_Exercise_
Please write out the listing exactly, leaving each picture out.
---------- Supplied material
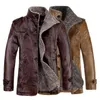 Windproof Fabulous Business Winter Jacket Faux Leather Winter Jacka Lapels för utomhus L220801
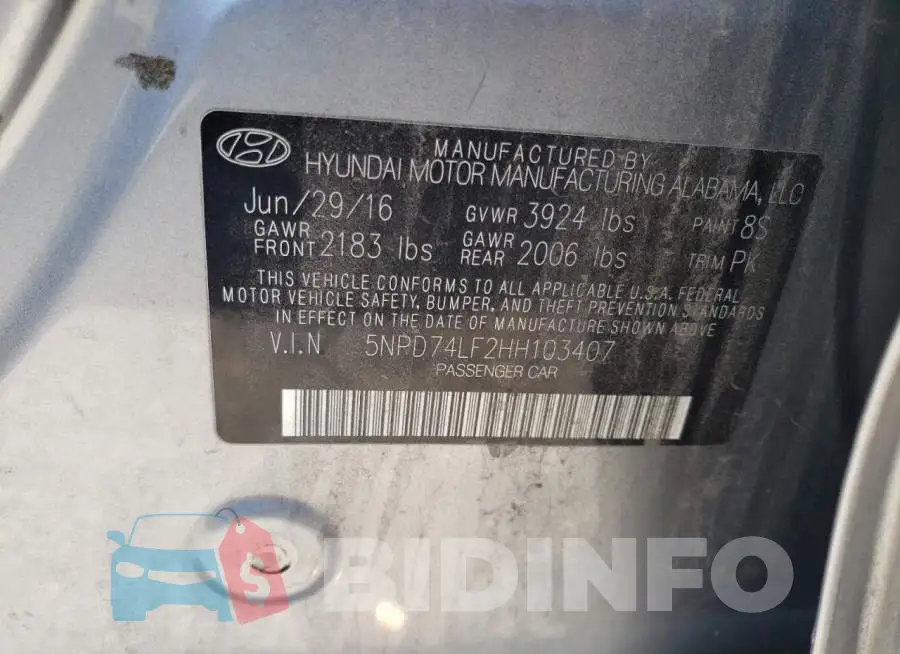 5NPD74LF2HH103407 Photo# 10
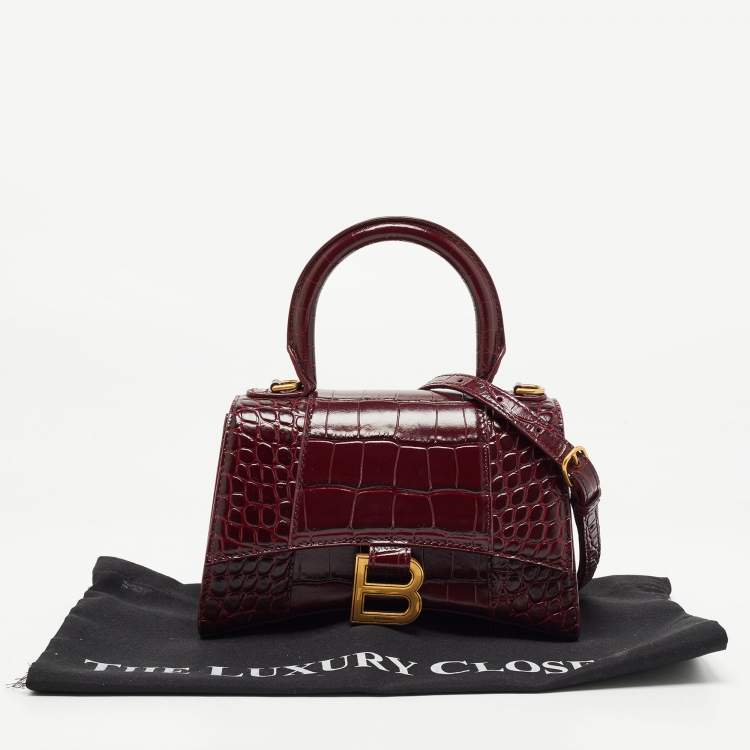 Pre Owned Balenciaga Burgundy Croc Embossed Leather XS Hourglass Top Handle Bag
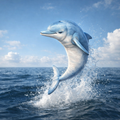 A blue and white dolphin leaps out of the ocean with a dramatic splash under a bright blue sky with light clouds.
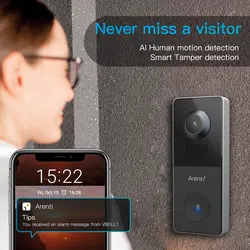زنگ در هوشمند آرنتی Arenti VBELL1 2K Ultra HD Battery Video Doorbell همراه با کارت حافظه - شمرون شاپ
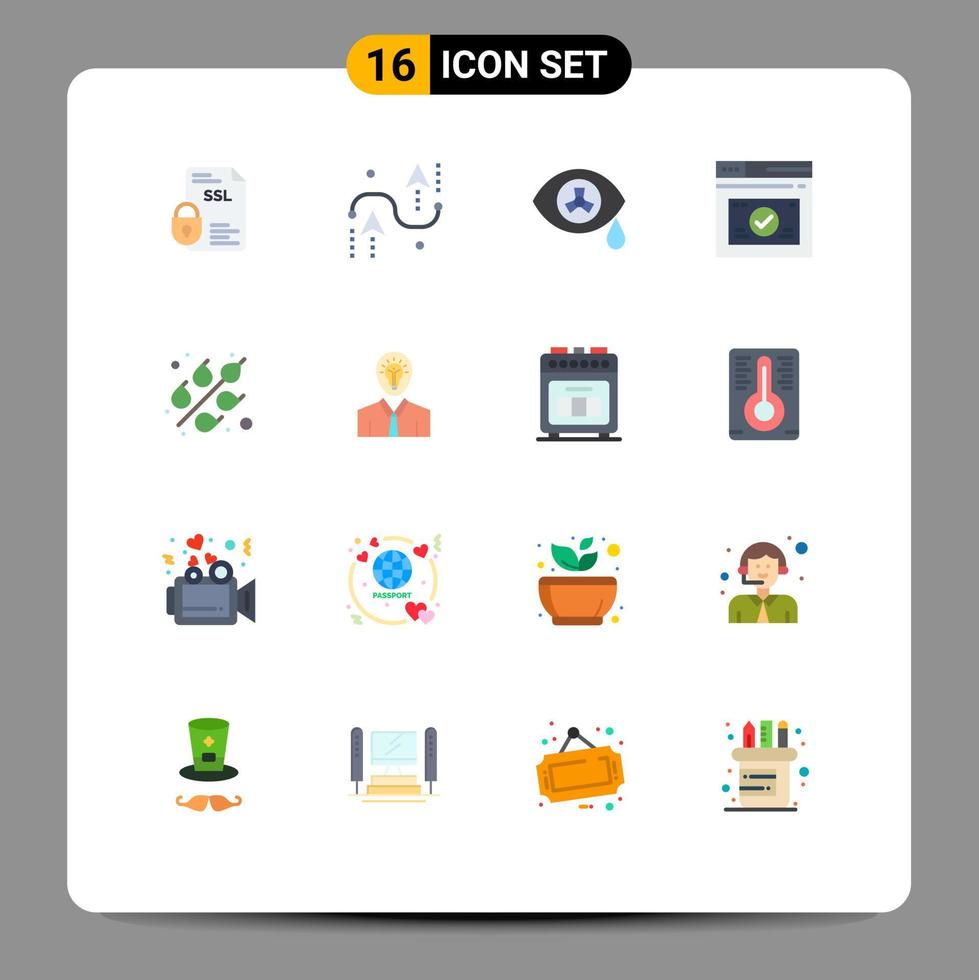 grupo de símbolos de iconos universales de 16 colores planos modernos de desarrollo web de cereales paquete editable zombie seguro de elementos de diseño de vectores creativos
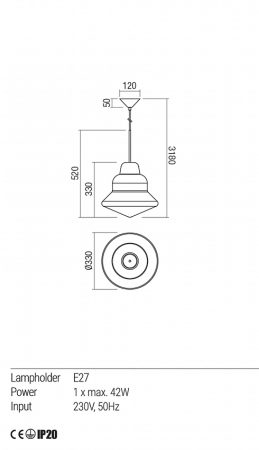 Suspensie REDO Amno 01-1770 E27 1x42W Ø330 IP20 Champagne [3]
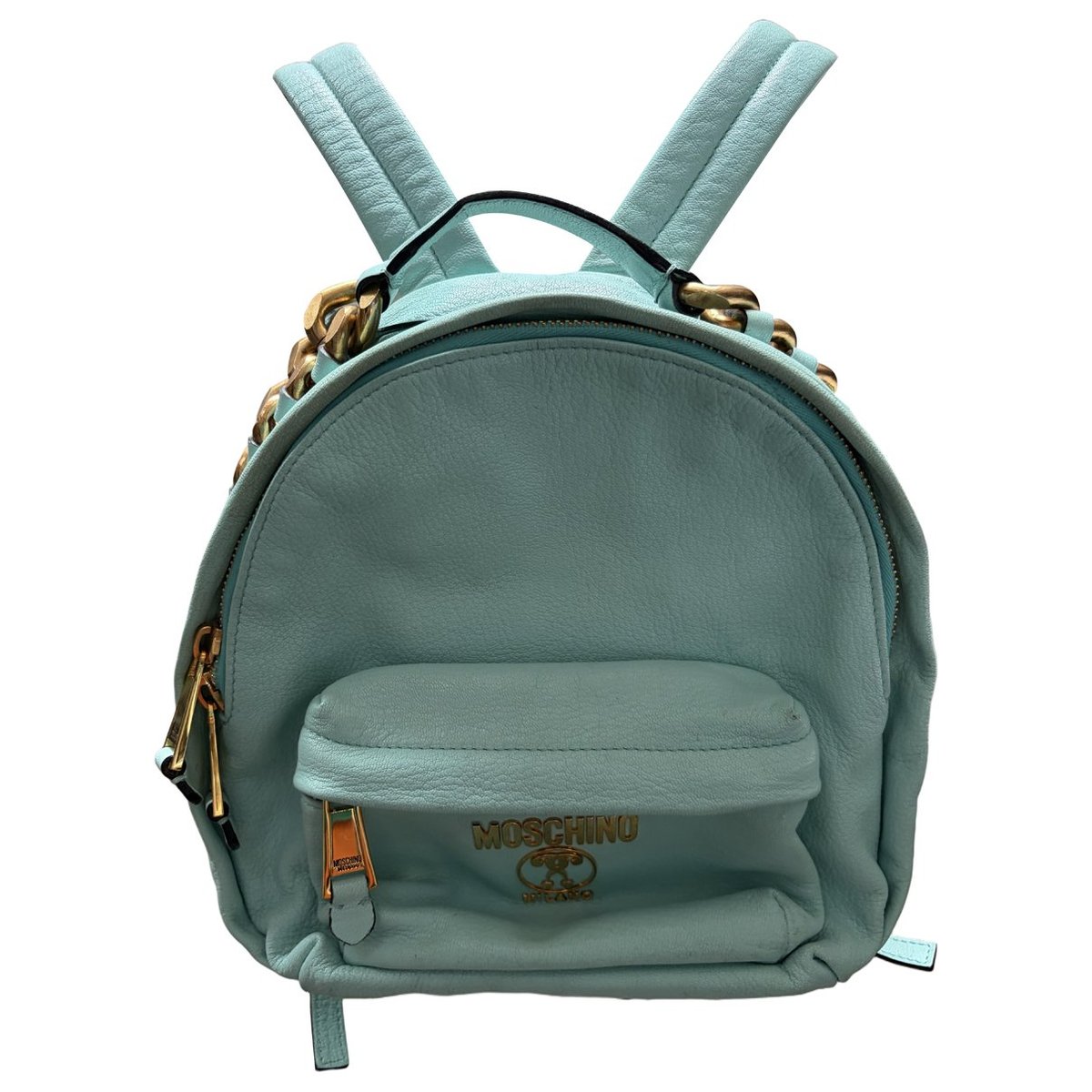 Biker leather backpack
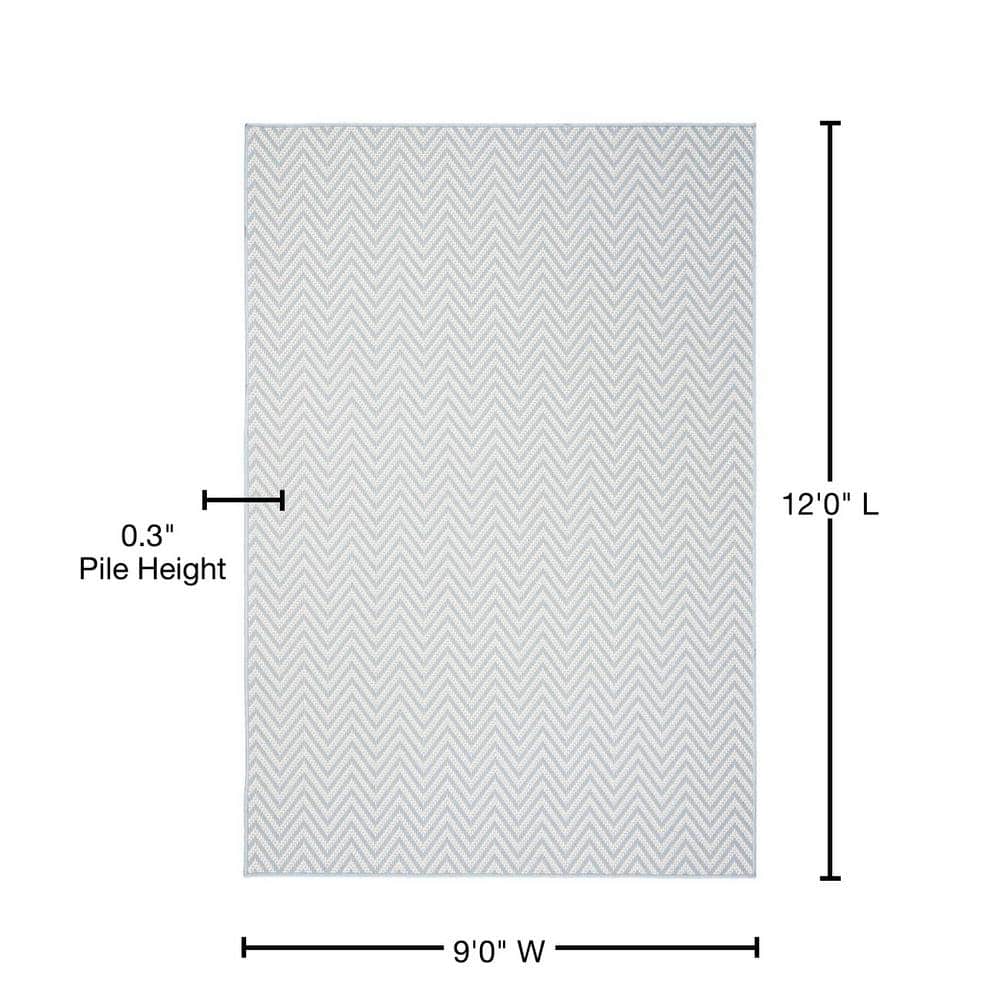 Gray Chevron Flatweave Washable 9' x 12' Synthetic Rug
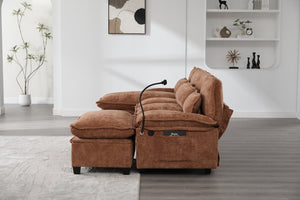 English Elm United We Win 106" U-Shaped Sectional Sofa - Comfy Chenille Couch With Usb Ports, Storage Ottoman & Pillows W1568S00234-GIGA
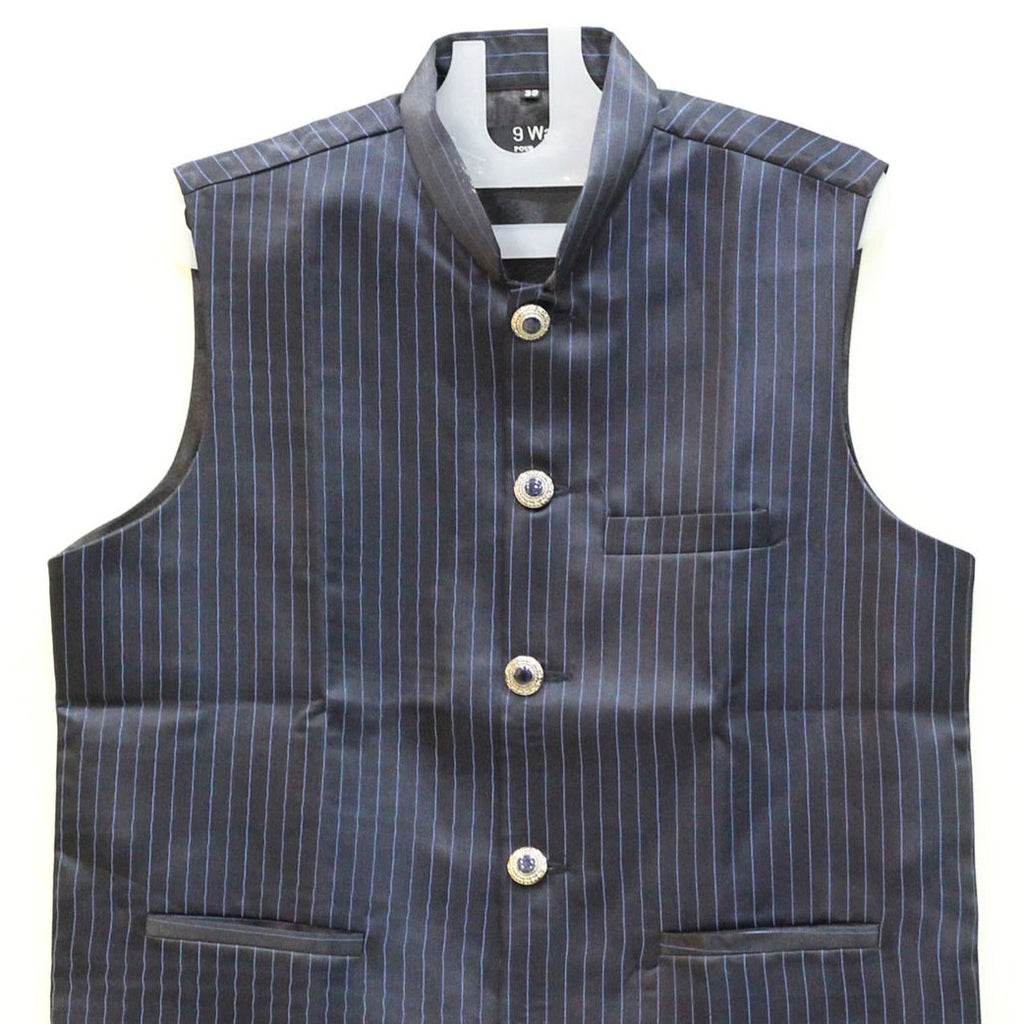Men's Navy Blue Pinstripe Nehru Jacket (Modi Coat)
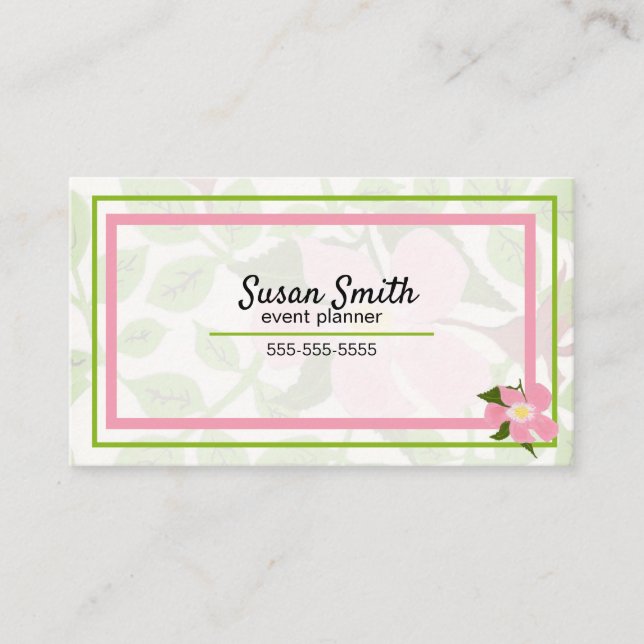 Pink Green Dogwood Hand-Painted Spring Flower Business Card (Front)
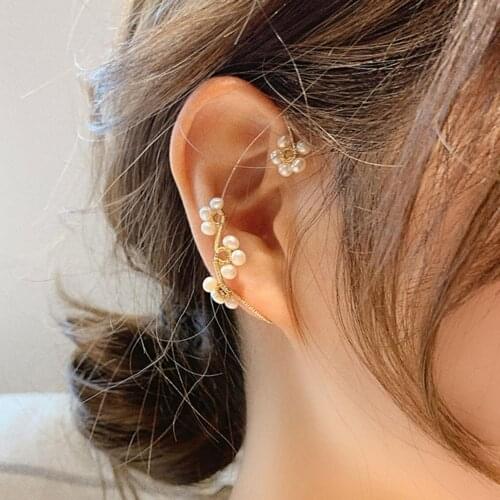 1Pc Women Elegant Fashion Faux Pearl Flower Chain Non Pierced Hanging Ear Clip Earring Female Jewelry 2020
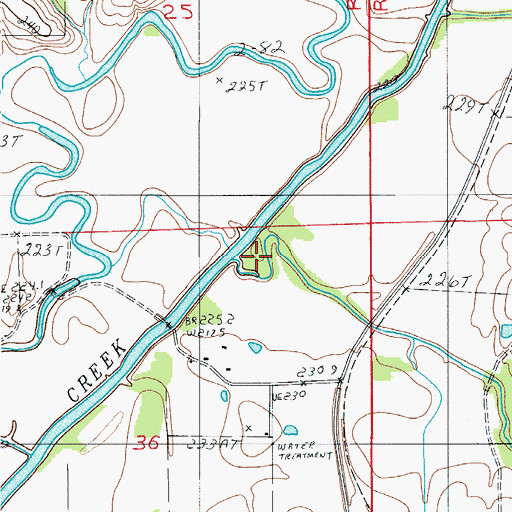 Topographic Map of Lowes Branch, MO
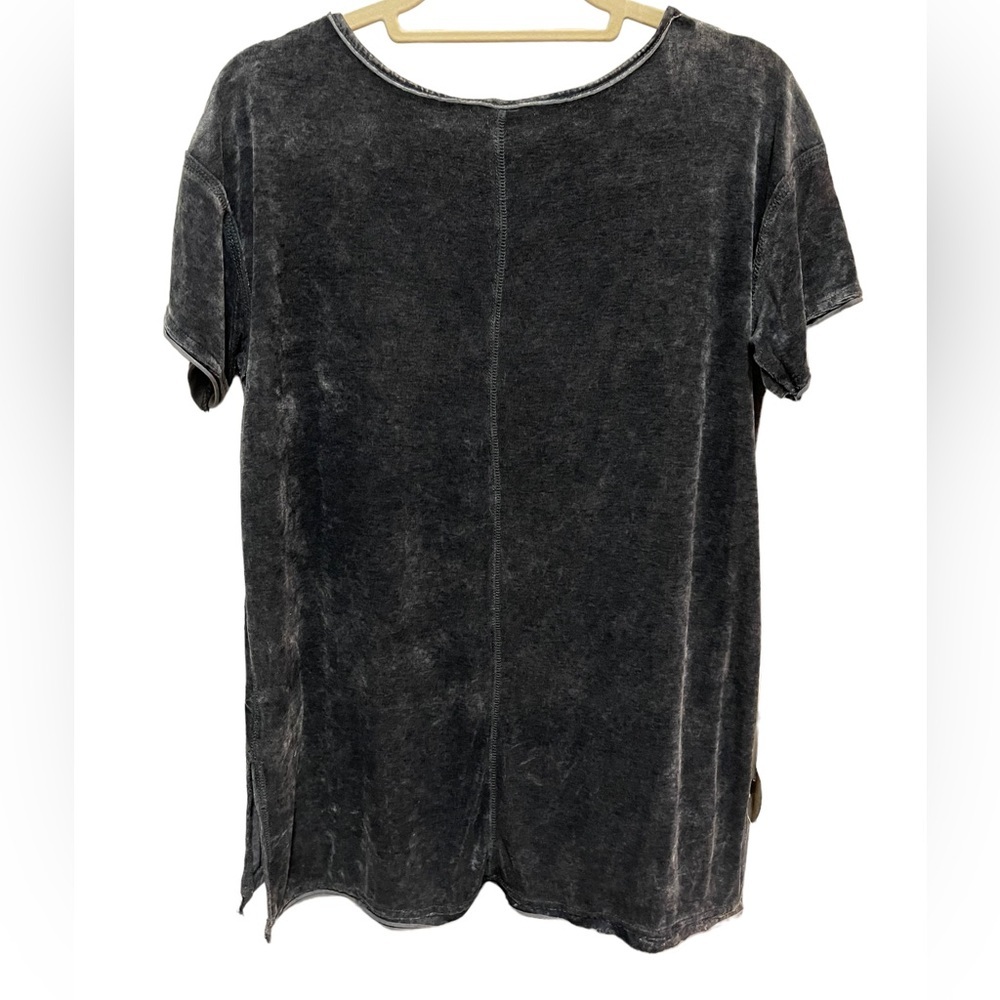Green tea - grey velvet T-shirt - soft and flowy - size M - Picture 3 of 3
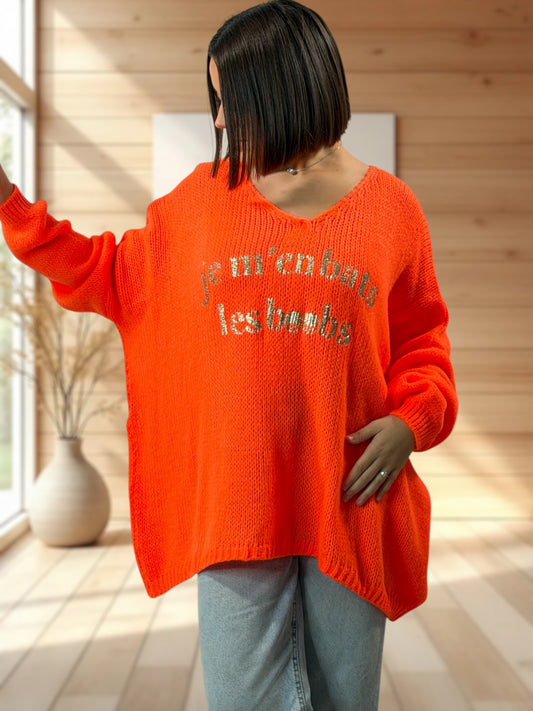 LUCIA - PULL OVERSIZE ORANGE JUSQU'A LA TAILLE 54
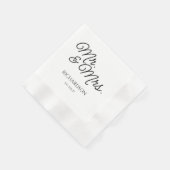 Mr. und Mrs. Wedding Napkins Custom Printed Serviette (Ecke)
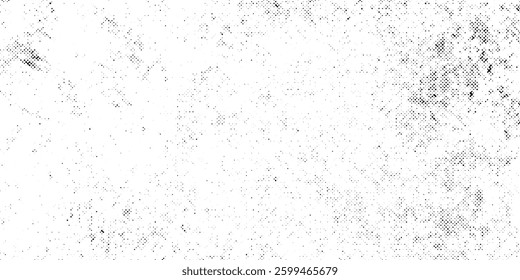Grunge halftone gradient background. Faded grit noise texture. White and black sand wallpaper. Retro pixelated backdrop. Anime or manga style comic overlay. Vector graphic design textured template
--------------------
_Output of the task_
 Windproof Fabulous Business Winter Jacket Faux Leather Winter Jacka Lapels för utomhus L220801
 5NPD74LF2HH103407 Photo# 10
 Pre Owned Balenciaga Burgundy Croc Embossed Leather XS Hourglass Top Handle Bag
 A blue and white dolphin leaps out of the ocean with a dramatic splash under a bright blue sky with light clouds.
زنگ در هوشمند آرنتی Arenti VBELL1 2K Ultra HD Battery Video Doorbell همراه با کارت حافظه - شمرون شاپ
 grupo de símbolos de iconos universales de 16 colores planos modernos de desarrollo web de cereales paquete editable zombie seguro de elementos de diseño de vectores creativos
 Suspensie REDO Amno 01-1770 E27 1x42W Ø330 IP20 Champagne [3]
 Biker leather backpack
 Gray Chevron Flatweave Washable 9' x 12' Synthetic Rug
 English Elm United We Win 106" U-Shaped Sectional Sofa - Comfy Chenille Couch With Usb Ports, Storage Ottoman & Pillows W1568S00234-GIGA
Men's Navy Blue Pinstripe Nehru Jacket (Modi Coat)
 Pink Green Dogwood Hand-Painted Spring Flower Business Card (Front)
 1Pc Women Elegant Fashion Faux Pearl Flower Chain Non Pierced Hanging Ear Clip Earring Female Jewelry 2020
 Topographic Map of Lowes Branch, MO
Green tea - grey velvet T-shirt - soft and flowy - size M - Picture 3 of 3
 LUCIA - PULL OVERSIZE ORANGE JUSQU'A LA TAILLE 54
 Mr. und Mrs. Wedding Napkins Custom Printed Serviette (Ecke)
Grunge halftone gradient background. Faded grit noise texture. White and black sand wallpaper. Retro pixelated backdrop. Anime or manga style comic overlay. Vector graphic design textured template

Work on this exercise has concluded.